### WHAT TO PRODUCE
Keep the text of the data exactly as it is and omit each picture from the copy.

### THE DATA
========================================

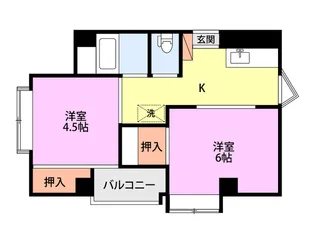 コーポ寄附町【2階】の間取り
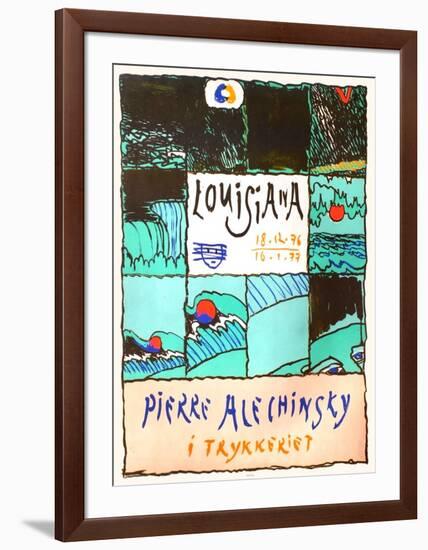 Expo 061 - I Trykkeriet-Pierre Alechinsky-Framed Premium Edition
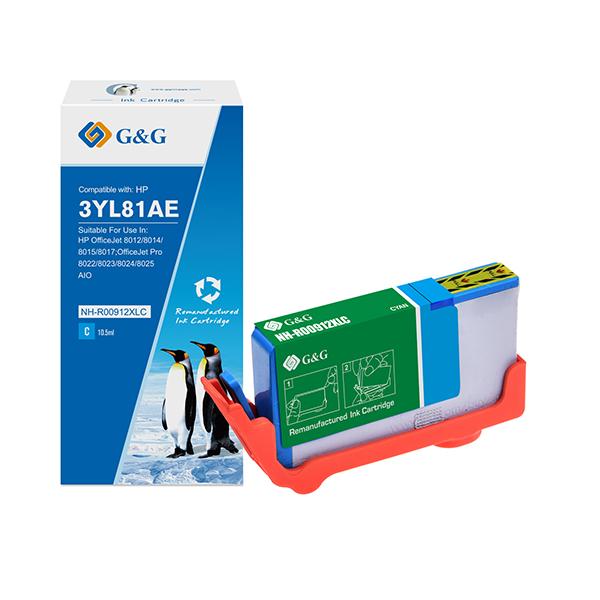 GG - Cartuccia ink Compatibile per HP 912XL - Ciano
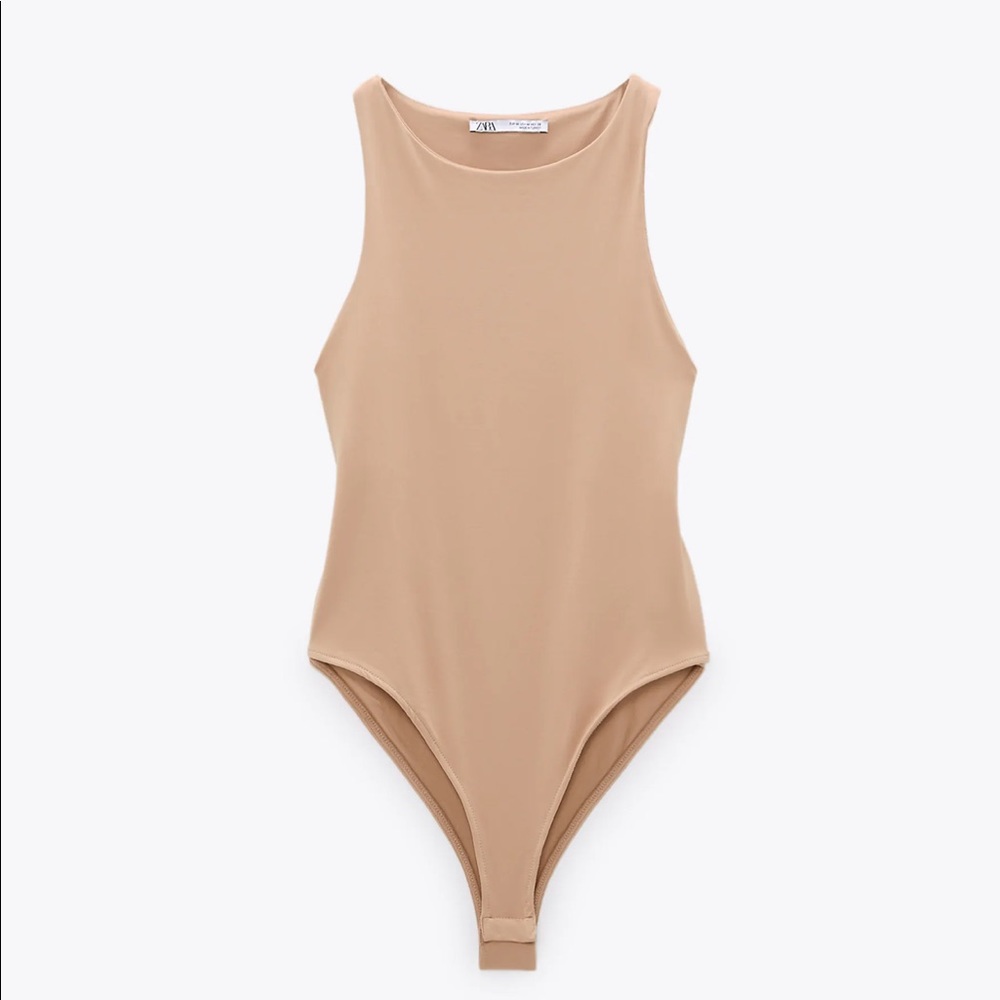ZARA Halterneck Bodysuit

========================================

### ANSWER TO THE EXERCISE
 コーポ寄附町【2階】の間取り
 Expo 061 - I Trykkeriet-Pierre Alechinsky-Framed Premium Edition
 GG - Cartuccia ink Compatibile per HP 912XL - Ciano
ZARA Halterneck Bodysuit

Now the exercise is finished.